JERUSALEM — Israeli and Palestinian leaders yesterday called off a planned summit this week, dealing a new setback to efforts to halt fighting between the Israeli army and militants in the Gaza Strip and restart peacemaking.

The Palestinian foreign minister, meanwhile, said the so-called Quartet of Mideast negotiators had invited Palestinian Authority President Mahmoud Abbas and Israeli Prime Minister Ehud Olmert to a meeting in Egypt on June 25. An official in Mr. Olmert’s office, David Baker, said no invitation had been received.

In an article yesterday, Mr. Olmert said Israel was ready to discuss an Arab peace proposal, but his Palestinian counterpart called the climate between the two sides “catastrophic.” They made their comments, in dueling opinion pieces in the British newspaper Guardian, as the two sides reflected on the 1967 Mideast War, which began 40 years ago Tuesday.

Mr. Olmert and Mr. Abbas had been expected to meet today in the West Bank town of Jericho, in what would have been their first talks on Palestinian territory. Mr. Baker said the meeting was postponed at the request of the Palestinians.

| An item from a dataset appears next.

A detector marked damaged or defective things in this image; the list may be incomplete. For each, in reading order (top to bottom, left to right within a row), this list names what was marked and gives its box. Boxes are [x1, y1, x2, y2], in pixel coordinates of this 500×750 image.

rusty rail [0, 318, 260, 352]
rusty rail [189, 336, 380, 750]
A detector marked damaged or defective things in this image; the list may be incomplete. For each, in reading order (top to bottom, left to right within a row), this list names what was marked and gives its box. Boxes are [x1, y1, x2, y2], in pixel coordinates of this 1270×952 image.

Palestinian officials said Israel has rejected demands to release hundreds of millions of dollars in frozen Palestinian tax revenues, restart peace talks or accept Mr. Abbas‘ proposal for restoring a collapsed cease-fire in the Gaza Strip and extending it to the West Bank.

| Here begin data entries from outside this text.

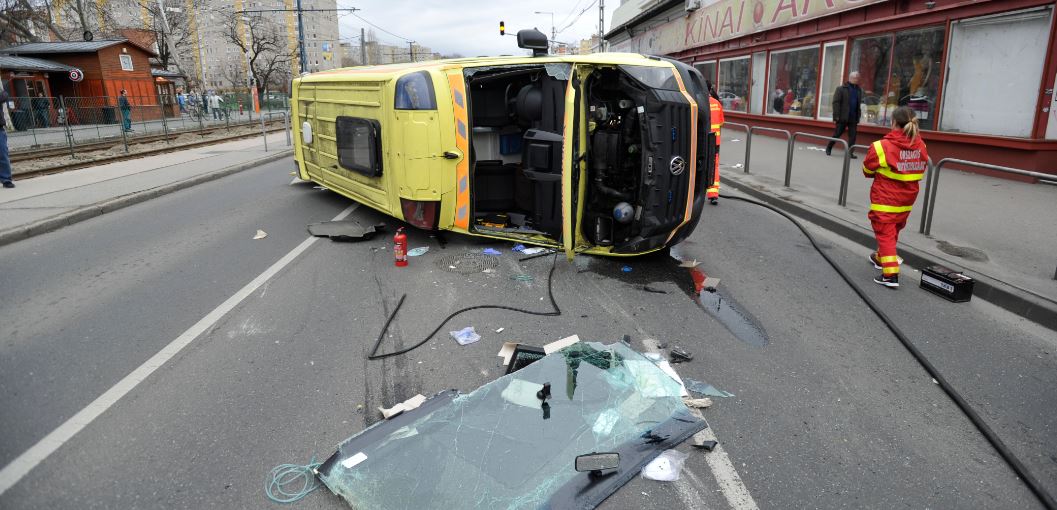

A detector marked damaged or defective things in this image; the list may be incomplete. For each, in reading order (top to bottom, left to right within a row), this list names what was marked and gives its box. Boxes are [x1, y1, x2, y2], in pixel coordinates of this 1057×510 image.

shattered windshield [318, 342, 704, 506]
broken glass [318, 342, 704, 510]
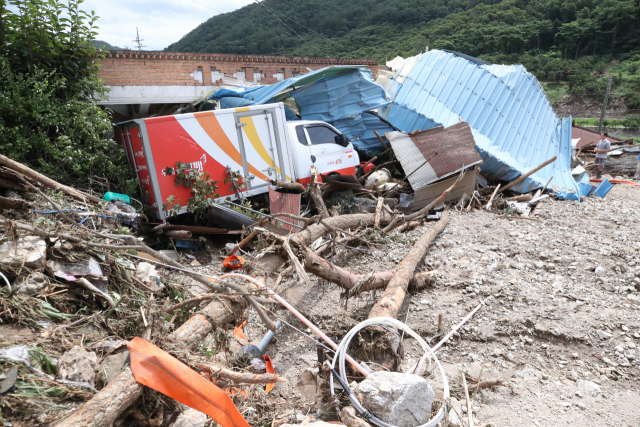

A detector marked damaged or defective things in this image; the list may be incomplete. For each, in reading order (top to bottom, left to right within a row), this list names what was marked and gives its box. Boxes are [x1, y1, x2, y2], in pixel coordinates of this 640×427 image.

rusted metal sheet [384, 121, 480, 190]
rusted metal sheet [268, 188, 302, 232]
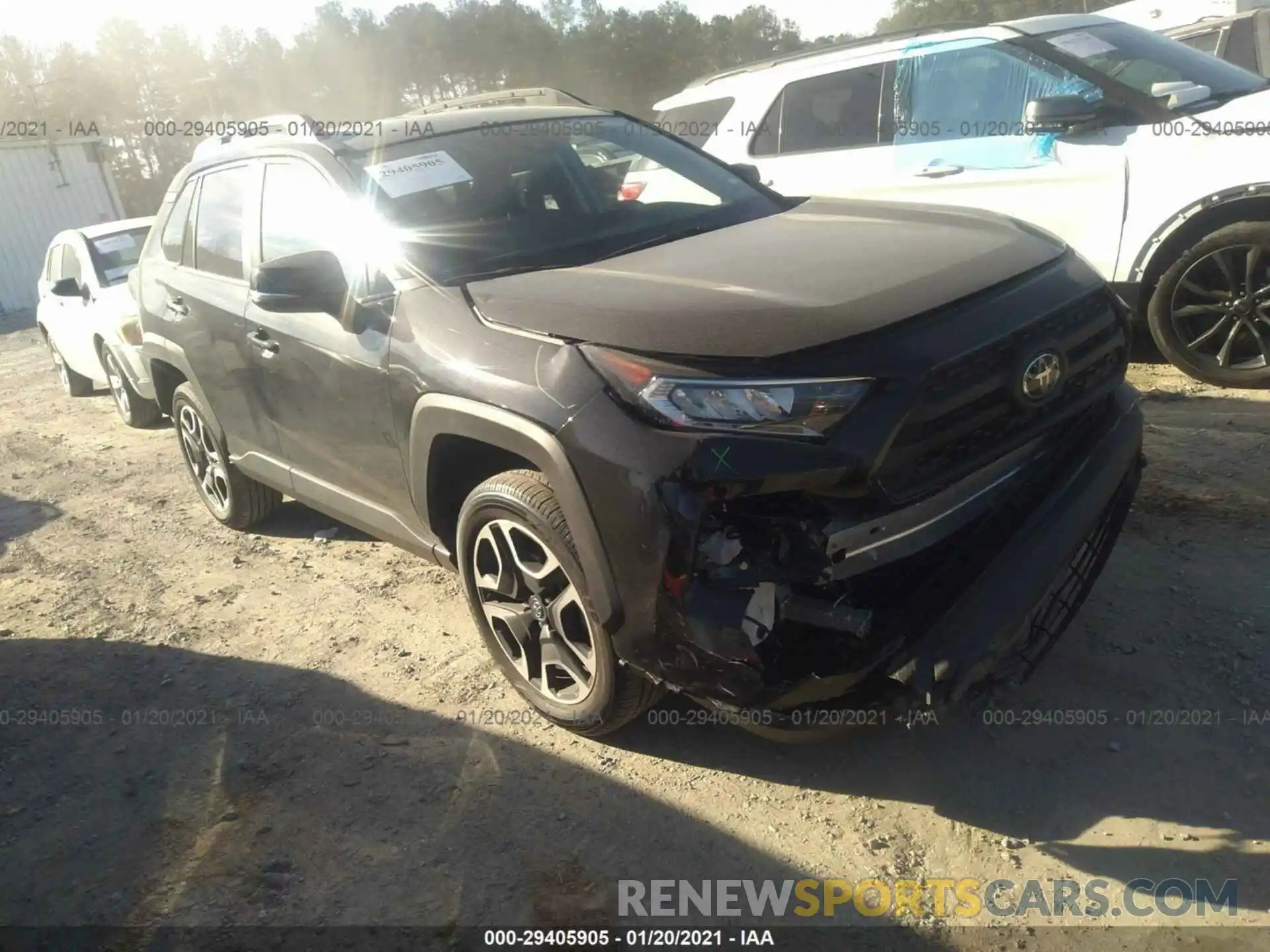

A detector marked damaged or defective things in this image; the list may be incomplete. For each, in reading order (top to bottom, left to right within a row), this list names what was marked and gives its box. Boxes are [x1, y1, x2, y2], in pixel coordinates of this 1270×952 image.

damaged gray suv [136, 99, 1143, 736]
crumpled hood [462, 196, 1066, 358]
damaged front bumper [640, 383, 1148, 721]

Israel is not responding positively to these demands, so the president decided not to go to this meeting,” Palestinian Foreign Minister Ziad Abu Amr said. He later said Mr. Olmert and Mr. Abbas were invited to Cairo by the Quartet — the United States, the European Union, the United Nations and Russia.

In Washington, where Israeli Deputy Prime Minister Shaul Mofaz was to meet with Secretary of State Condoleezza Rice yesterday, the State Department played down the canceled meeting this week.

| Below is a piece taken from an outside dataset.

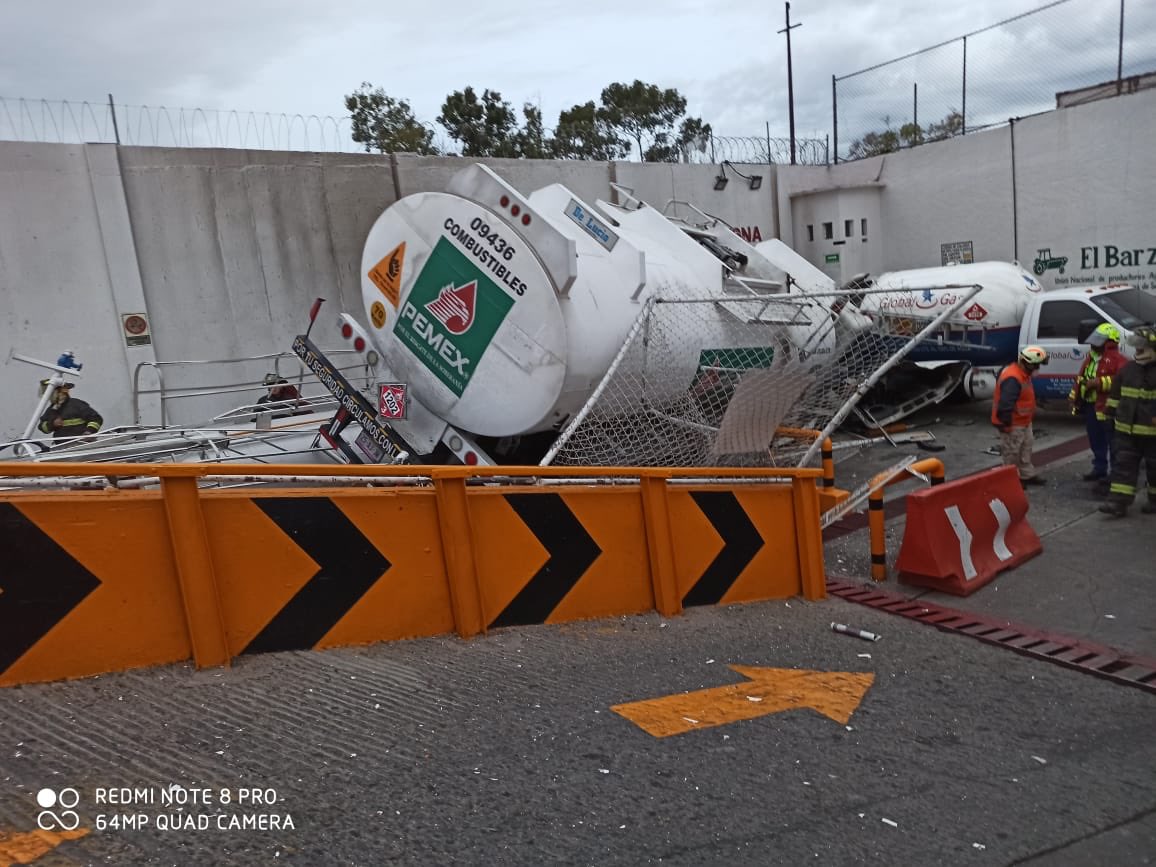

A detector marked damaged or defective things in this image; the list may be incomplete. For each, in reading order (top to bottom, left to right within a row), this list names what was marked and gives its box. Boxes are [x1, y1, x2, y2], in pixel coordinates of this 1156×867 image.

overturned white tanker truck [302, 164, 971, 469]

“They have pledged to get together, to meet,” spokesman Sean McCormack said. “The timing and location and logistics around it are going to be up to them, but we’re confident that they are still going to get together.”

Under prodding from Miss Rice, Mr. Olmert and Mr. Abbas agreed in March to meet every two weeks with the aim of discussing the outlines of a permanent peace deal. However, they have met only once since then, and any chances of reviving peace talks have been clouded by the resumption of fighting in Gaza.

A five-month truce collapsed last month when Hamas militants began firing barrages of crude rockets into southern Israel. The Israeli army has responded with dozens of air strikes and several brief ground incursions. More than 60 Palestinians, most of them militants, and two Israeli civilians have been killed.

In new violence, Israeli aircraft struck a group of militants in northern Gaza early yesterday, killing one, Palestinian officials said. The army said the militants were planting a bomb at the time, and Hamas said in a radio broadcast that the dead man belonged to the group.

In the West Bank, a 67-year-old Palestinian man was killed and seven family members were wounded in an Israeli arrest raid, police said.